Saturday, August 20, 2011

Life In The Middle

I've decided to redesign my blog site a little. I want it to reflect who I am and where I'm at, spiritually speaking. My worldview has gone through some changes since I was in my early 20s, and I guess I'm still learning what I believe.

If one thing's for sure, it's that nothing's for sure.

Such is life when you're in the middle. Right between doubt and faith. Clinging to your beliefs, but some days...just barely.

The funny, ironic twist: I'm employed full time in ministry. Actually, that's probably not all that ironic at all. For me, I've found that the best developer of my own beliefs and worldview is to simply sit back and watch how other people act. Are they religious nutcases? Are they arrogant jerks? Are they narcissistic and self-centered? Are they political ranters who condemn everybody and everything that doesn't agree with them? All of these scenarios have influenced who I am today. I guess it's all made me question what I believe, and—maybe more importantly—how I share those beliefs.

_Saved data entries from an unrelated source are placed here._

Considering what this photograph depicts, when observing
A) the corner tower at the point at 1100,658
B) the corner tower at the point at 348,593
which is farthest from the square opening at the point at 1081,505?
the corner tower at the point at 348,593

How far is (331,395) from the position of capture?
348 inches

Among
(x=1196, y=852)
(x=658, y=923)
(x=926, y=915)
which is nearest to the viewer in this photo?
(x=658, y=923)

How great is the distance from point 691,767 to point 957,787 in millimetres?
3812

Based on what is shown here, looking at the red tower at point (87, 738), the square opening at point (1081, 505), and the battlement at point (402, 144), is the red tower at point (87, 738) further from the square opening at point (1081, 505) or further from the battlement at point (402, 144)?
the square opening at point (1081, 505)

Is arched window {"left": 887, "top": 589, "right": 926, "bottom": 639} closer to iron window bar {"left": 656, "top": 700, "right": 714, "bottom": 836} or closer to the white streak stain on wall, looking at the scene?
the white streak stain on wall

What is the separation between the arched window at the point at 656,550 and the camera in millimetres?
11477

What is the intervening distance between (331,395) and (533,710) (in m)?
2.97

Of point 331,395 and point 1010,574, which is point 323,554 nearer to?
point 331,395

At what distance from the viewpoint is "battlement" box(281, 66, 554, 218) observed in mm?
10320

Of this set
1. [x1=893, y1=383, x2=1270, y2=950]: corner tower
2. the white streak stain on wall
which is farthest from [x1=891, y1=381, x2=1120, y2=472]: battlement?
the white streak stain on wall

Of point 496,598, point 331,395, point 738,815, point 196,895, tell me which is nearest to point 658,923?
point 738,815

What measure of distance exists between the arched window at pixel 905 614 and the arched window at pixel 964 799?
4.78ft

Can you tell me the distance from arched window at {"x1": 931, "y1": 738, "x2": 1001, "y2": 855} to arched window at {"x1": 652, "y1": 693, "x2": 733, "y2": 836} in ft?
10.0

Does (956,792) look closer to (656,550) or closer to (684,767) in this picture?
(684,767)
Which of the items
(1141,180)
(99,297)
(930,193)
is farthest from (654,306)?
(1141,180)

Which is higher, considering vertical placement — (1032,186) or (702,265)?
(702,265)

In one of his many great blog entries, Gordon Atkinson wrote, "Understand that this preacher NEVER asks people to become Christians. If anything, I warn people. I consider following Jesus to be a pretty stiff commitment, and I don't ever sugar coat it. If someone is seeking a spiritual path and wants to journey with me, I'm fine with that. I'll shoulder my pack, help get his adjusted, and we'll move on down the road together. I don't really give a sh*t about making converts. That's not my business. I will walk with people though, if they want."1 And so it seems to be with me. I'm not into encouraging 'personal relationships' with Jesus or saving anyone's soul. That's God's work. I'm fine with just admitting I'm a broken mess and only God can fix me. I'll walk beside someone and listen to their doubts, but I probably won't offer any trite answers.

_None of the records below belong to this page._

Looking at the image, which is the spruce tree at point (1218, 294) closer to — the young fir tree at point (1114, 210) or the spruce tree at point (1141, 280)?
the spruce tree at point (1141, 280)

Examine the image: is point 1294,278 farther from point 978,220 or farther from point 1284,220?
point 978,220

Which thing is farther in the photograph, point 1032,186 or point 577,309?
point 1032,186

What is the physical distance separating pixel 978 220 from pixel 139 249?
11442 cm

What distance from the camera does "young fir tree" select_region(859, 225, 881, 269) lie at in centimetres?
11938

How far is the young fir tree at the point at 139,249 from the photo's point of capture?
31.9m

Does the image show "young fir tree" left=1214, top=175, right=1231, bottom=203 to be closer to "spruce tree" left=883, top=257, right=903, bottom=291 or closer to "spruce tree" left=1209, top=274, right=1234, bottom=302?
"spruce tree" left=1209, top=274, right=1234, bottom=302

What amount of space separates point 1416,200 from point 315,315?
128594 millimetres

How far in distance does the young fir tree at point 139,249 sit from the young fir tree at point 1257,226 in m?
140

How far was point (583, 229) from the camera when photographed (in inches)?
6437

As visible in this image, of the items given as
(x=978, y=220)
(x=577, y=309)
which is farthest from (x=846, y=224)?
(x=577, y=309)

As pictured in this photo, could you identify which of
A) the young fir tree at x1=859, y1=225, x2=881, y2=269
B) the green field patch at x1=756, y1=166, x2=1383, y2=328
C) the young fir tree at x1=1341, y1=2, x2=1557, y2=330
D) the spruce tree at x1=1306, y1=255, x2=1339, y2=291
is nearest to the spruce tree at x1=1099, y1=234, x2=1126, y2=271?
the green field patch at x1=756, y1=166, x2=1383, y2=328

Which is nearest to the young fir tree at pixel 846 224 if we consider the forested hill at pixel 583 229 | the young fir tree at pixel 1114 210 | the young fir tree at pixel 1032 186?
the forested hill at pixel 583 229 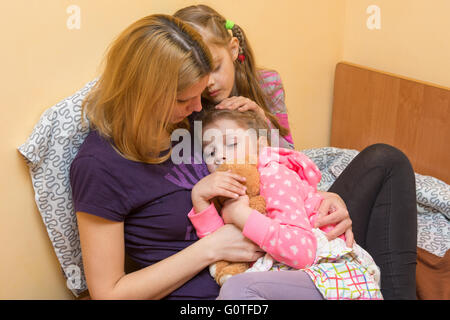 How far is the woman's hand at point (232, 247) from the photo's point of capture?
118 centimetres

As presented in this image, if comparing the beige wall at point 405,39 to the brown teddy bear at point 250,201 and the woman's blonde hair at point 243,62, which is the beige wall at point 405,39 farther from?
the brown teddy bear at point 250,201

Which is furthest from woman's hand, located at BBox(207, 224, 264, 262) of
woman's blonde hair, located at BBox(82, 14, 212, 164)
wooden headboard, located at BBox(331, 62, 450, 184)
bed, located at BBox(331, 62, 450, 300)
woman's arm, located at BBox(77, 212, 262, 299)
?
wooden headboard, located at BBox(331, 62, 450, 184)

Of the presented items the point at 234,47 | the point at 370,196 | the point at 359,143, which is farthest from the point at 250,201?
the point at 359,143

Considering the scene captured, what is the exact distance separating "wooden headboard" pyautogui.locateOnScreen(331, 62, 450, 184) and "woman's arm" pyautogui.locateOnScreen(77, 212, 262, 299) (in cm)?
98

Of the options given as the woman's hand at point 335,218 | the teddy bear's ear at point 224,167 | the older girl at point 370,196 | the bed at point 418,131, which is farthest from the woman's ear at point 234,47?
the bed at point 418,131

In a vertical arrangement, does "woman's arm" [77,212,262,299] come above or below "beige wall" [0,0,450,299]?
below

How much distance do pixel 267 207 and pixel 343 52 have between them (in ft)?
4.10

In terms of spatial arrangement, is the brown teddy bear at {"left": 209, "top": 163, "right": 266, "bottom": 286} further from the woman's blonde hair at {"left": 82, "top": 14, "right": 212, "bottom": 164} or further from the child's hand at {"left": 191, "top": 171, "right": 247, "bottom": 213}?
the woman's blonde hair at {"left": 82, "top": 14, "right": 212, "bottom": 164}

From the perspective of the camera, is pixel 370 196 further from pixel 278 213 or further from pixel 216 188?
pixel 216 188

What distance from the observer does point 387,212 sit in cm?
137

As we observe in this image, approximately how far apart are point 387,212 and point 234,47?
0.63 meters

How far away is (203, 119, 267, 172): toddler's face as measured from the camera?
126 centimetres

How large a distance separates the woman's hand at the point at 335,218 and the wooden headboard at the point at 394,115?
2.31ft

Part of my own doubt arises from the brokenness and the ashes of life. In his book, O Me Of Little Faith, Jason Boyett writes, "For all the happy talk about God's blessing and favor on Christian TV, you don't have to look very far to find a God who seems less available than we'd like. Where is God among the AIDS and war orphans of East Africa? Where is God among the victims of terrorism? Where is God in the early death of a young mom from cancer? Where is God among the glitter of Las Vegas and the frenzy of Times Square? Where is God among the piracy of Somalia or the breadlines of Zimbabwe?"2 Jason Boyett's questions resonate so deeply with me. I turn on the television and stop at a gospel channel. There's a choir, praising God with so much zeal and enthusiasm, and I think to myself, "Sure, it's easy to praise God there in that comfy building with your nice robes. But would you sing those songs in the middle of the rubble and tent towns of Haiti?" I'll admit I'm not quite the activist I should be. There are so many injustices I should stand up against, but prayer seems to be my only weapon of choice. I can say, though, that it truly pains my heart when a child is abused, or a young man or woman dies of cancer, or when someone has to sleep on the street. And I, like so many, quietly wonder where God is in the midst of these injustices.

Still, I hold on. I cling to my faith because I want to believe that good will win out someday and that there really is a God out there who holds every tear that we shed. Faith and doubt. I cannot fully live on either side of these extremes, at least not yet. For every prayer of thankfulness that goes up, another of confusion and bewilderment follows. Contentment can be found in the middle, where doubt and faith meet. A questioning soul is a soul who cares and who deeply feels pain, and a faithful soul can still struggle with doubt.


1  Gordon Atkinson, RealLivePreacher.com (Grand Rapids, Eerdmans, 2004), 128.
2  Jason Boyett, O Me Of Little Faith: True Confessions Of A Spiritual Weakling (Grand Rapids, Zondervan, 2010), 209.